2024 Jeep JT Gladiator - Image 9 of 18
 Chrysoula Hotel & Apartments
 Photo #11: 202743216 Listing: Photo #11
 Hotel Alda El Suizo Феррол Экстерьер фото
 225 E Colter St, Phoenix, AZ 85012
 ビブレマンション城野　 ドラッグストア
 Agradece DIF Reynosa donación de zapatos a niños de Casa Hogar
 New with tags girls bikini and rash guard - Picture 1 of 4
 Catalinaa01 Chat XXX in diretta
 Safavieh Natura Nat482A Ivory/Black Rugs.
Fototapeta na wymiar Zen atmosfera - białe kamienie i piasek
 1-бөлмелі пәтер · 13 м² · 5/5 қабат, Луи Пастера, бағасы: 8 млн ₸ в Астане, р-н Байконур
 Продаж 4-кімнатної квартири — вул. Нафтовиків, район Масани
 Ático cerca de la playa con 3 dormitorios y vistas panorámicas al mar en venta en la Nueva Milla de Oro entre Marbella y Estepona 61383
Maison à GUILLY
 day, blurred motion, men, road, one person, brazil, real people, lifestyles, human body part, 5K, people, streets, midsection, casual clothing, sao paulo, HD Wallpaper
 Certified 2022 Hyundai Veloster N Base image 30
————
How to complete this task
Within the entries above, report how many lines contain the word "Hotel"; the figure is all that is wanted.

Exercise output
2